Considerações Finais
Este é o primeiro estudo nacional que tem como base dois protocolos internacionalmente reconhecidos para adaptação de intervenções para diferentes contextos e populações. O uso de protocolos guia para adaptação de intervenções para outros contextos e culturas é prática fundamental, porém, pouco observada em pesquisas de implementação (Damschroder et al., 2009; Hwang, 2009). Muitas intervenções com potencial inovador, as quais poderiam servir como fortes recursos para saúde, falham em sua utilidade clínica devido, principalmente, à baixa qualidade metodológica e ausência de emprego de critérios e estratégias cientificamente fundamentadas para adaptação das intervenções para outros contextos e populações.
Vale lembrar que, existem diferentes protocolos para adaptação de intervenções e cabe ao pesquisador identificar qual é mais indicado para sua proposta, contexto, cultura, momento histórico-social e população alvo, cuja intervenção é direcionada (Stoner et al., 2020). A partir da análise de custos, é possível sugerirmos possibilidades para otimização de recursos associados à implementação. Por se tratar de intervenção online, custos com deslocamento de equipe e dos participantes, aquisição de materiais impressos como protocolo de avaliação, fichas das sessões e para tarefas de casa, foram inexistentes, o que configura esta modalidade de intervenção do Programa Vem Ser como sendo de baixo custo. Este critério é pouco avaliado e relatado, uma vez que está associado à eficiência e, muitas vezes, o foco das avaliações são voltados a critérios de eficácia e efetividade das intervenções.

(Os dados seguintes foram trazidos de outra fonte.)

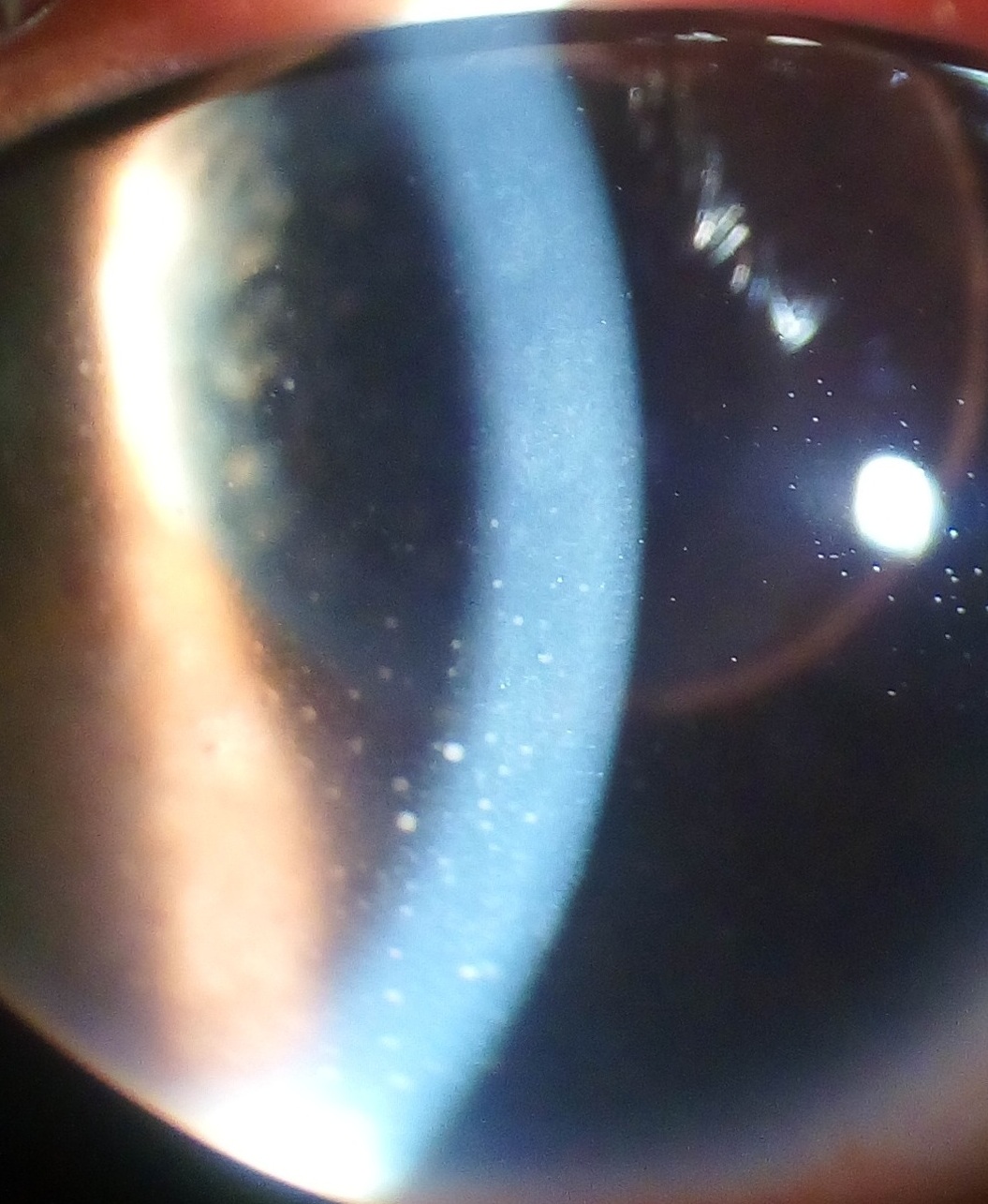 Slit-lamp photograph showing fine keratic precipitates deposited on the inferior corneal endothelium in anterior uveitis.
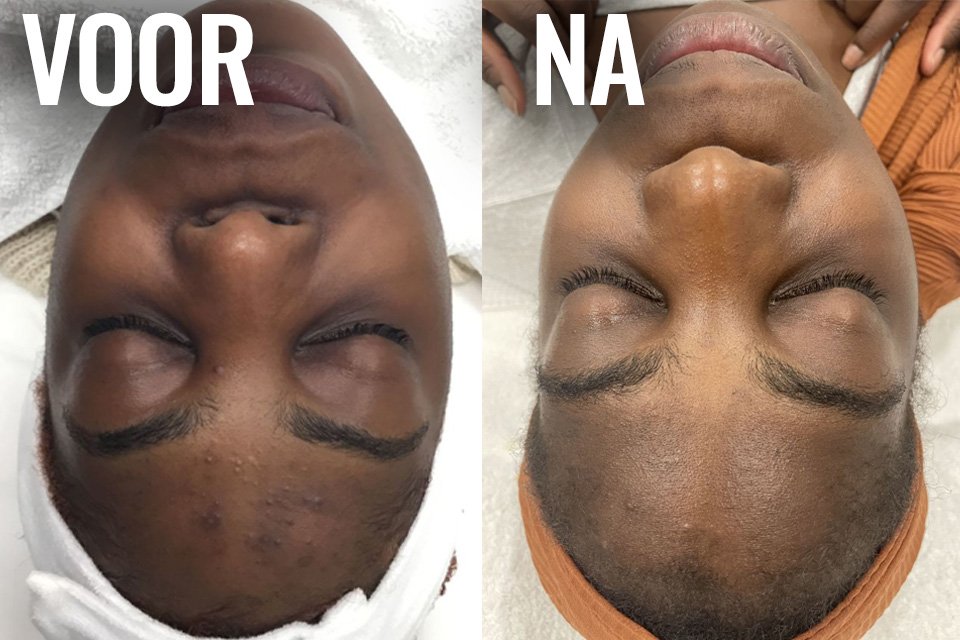 Resultaat van chemische peeling: huid oogt frisser, egaler en verfijnd na behandeling.
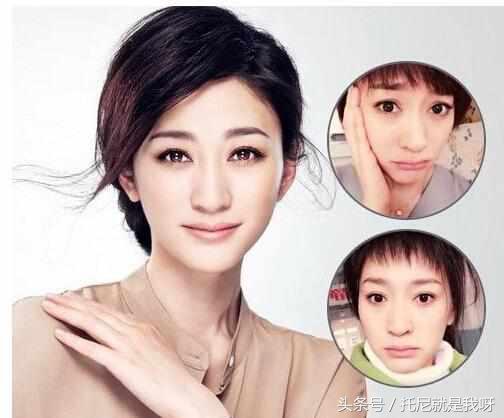 整完容真的美吗?明星整容前后对比图,没对比没伤害!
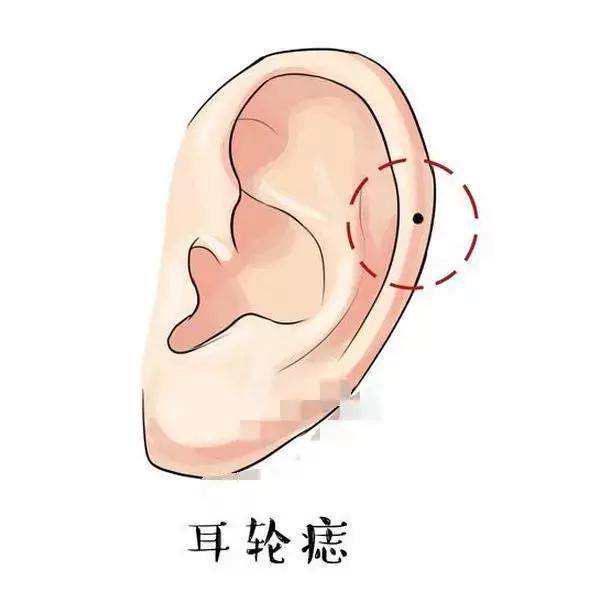 耳朵痣的位置与命运图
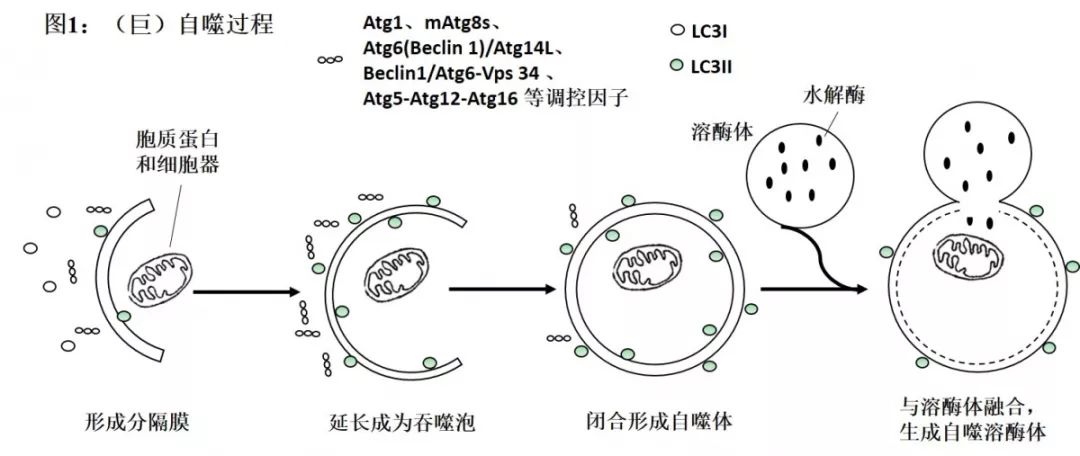 自噬与急性胰腺炎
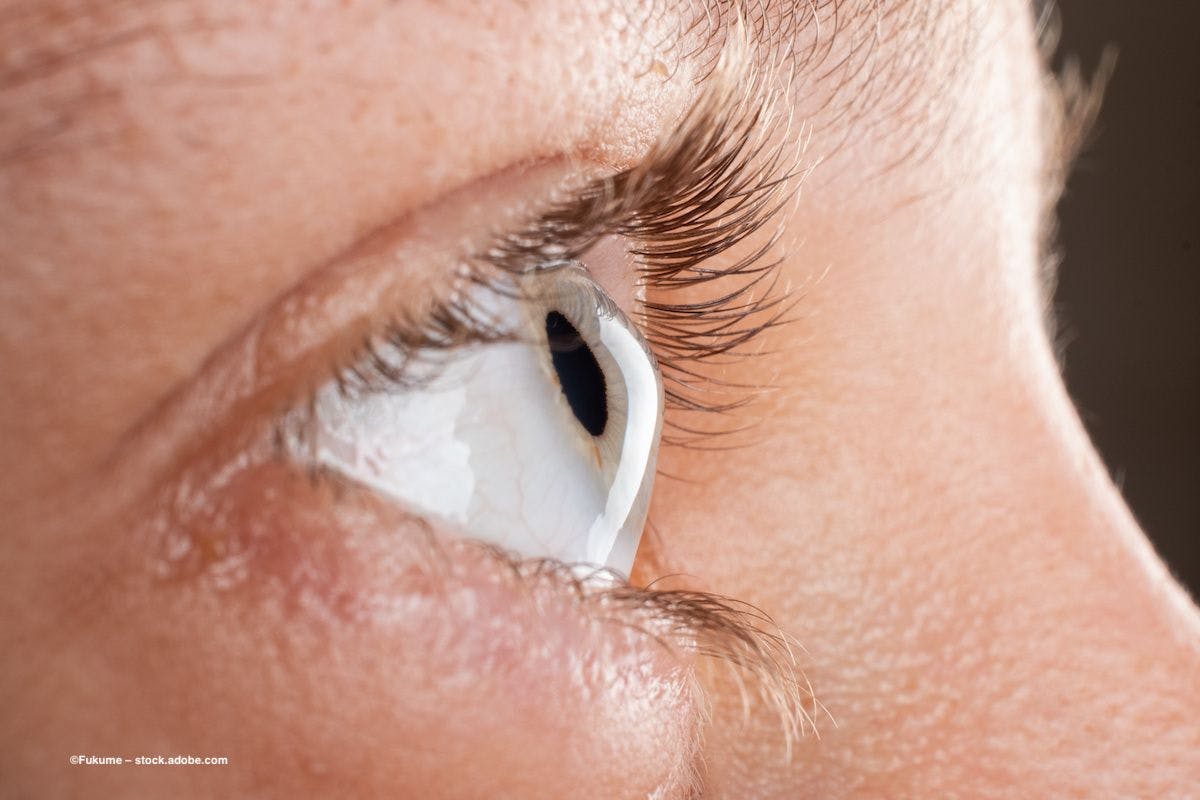 An eye shows signs of keratoconus, or corneal thinning. Image credit: ©Fukume – stock.adobe.com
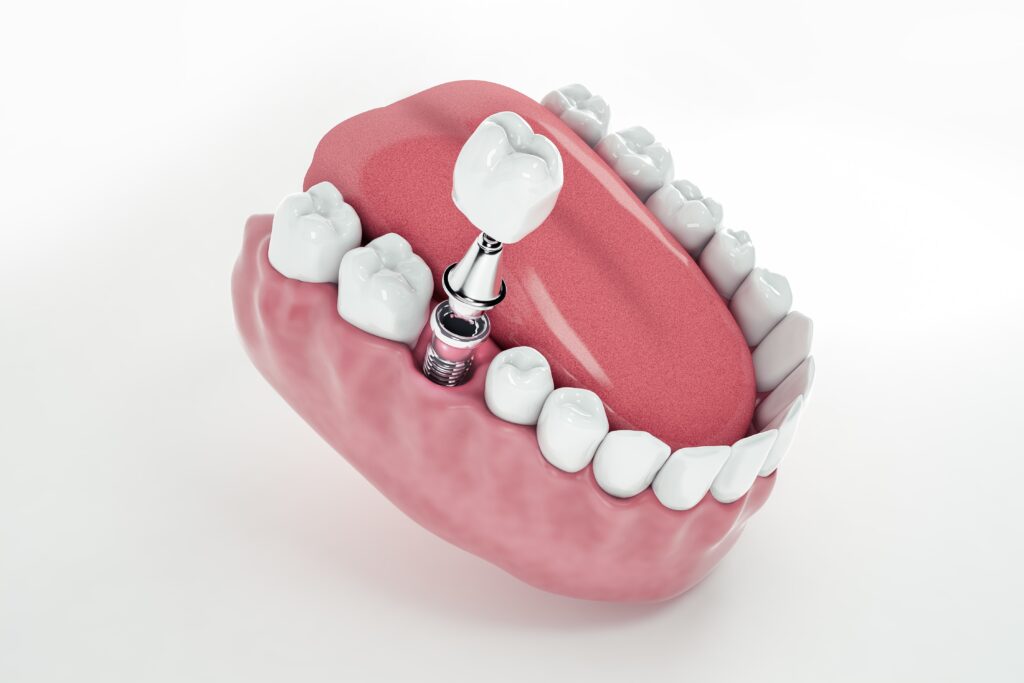 Dental Implant Treatment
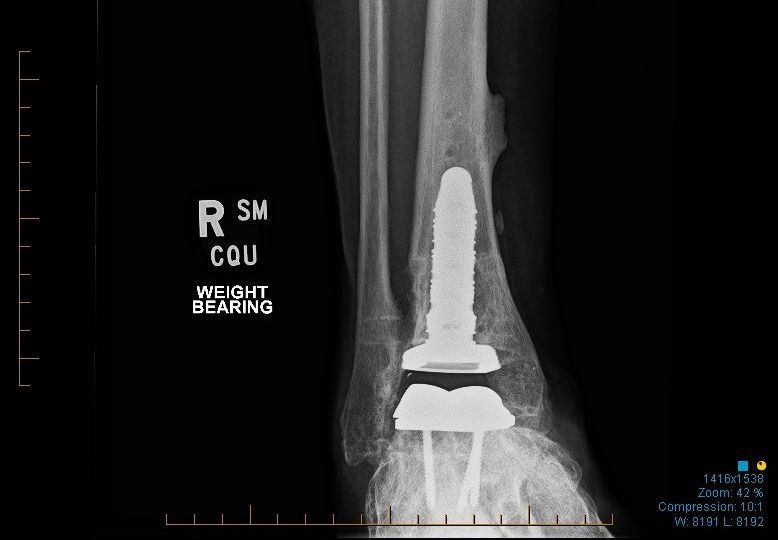 Dr Yeo Brisbane Foot & Ankle Surgeon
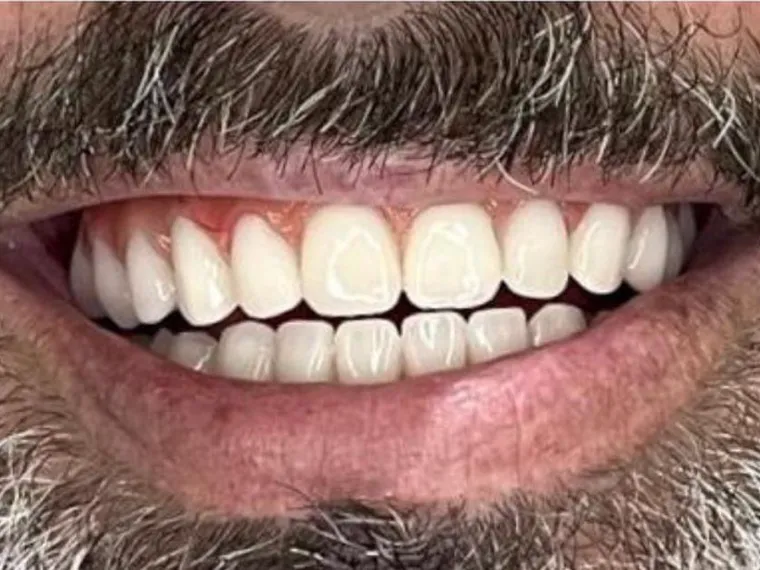 Sorriso de paciente após tratamento na clínica.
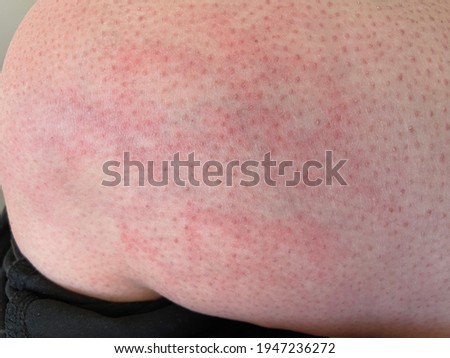 hives heat rash EAI Erythema ab igne heat reaction on knee close-up reference picture of blotchy red skin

Como limitações deste estudo ressaltamos não ter sido possível avaliar alguns critérios do CFIR, como Cosmopolitanism, Peer pressure, External policies and incentives, do eixo ‘Contexto Externo’; Individual identification with organization, Individual stage of change, Self-efficacy, do eixo ‘Características dos Indivíduos’. Estes dados permanecem para serem investigados em futuros estudos de viabilidade da intervenção na sua versão online. Também há especificidade do contexto no qual a intervenção foi adaptada, por se tratar de uma associação de funcionários aposentados, o que inibe a possibilidade de generalização dos resultados obtidos para demais contextos. Isso nos direciona para o seguimento das pesquisas com a intervenção no formato online, incluindo diferentes amostras, grupo controle e diferentes moderadores de grupos, assim como verificação de critérios de eficácia para a promoção de saúde de modo mais amplo.
Contudo, através do rigor e sistematização utilizada no processo de adaptação do Programa Vem Ser para versão online descrita neste artigo, é esperado que este esforço possa favorecer novas práticas interventivas em contexto nacional, tendo em vista a cientificidade necessária para adaptações e ajustes de intervenções e maior probabilidade de eficácia das mesmas em contextos e para populações diversas.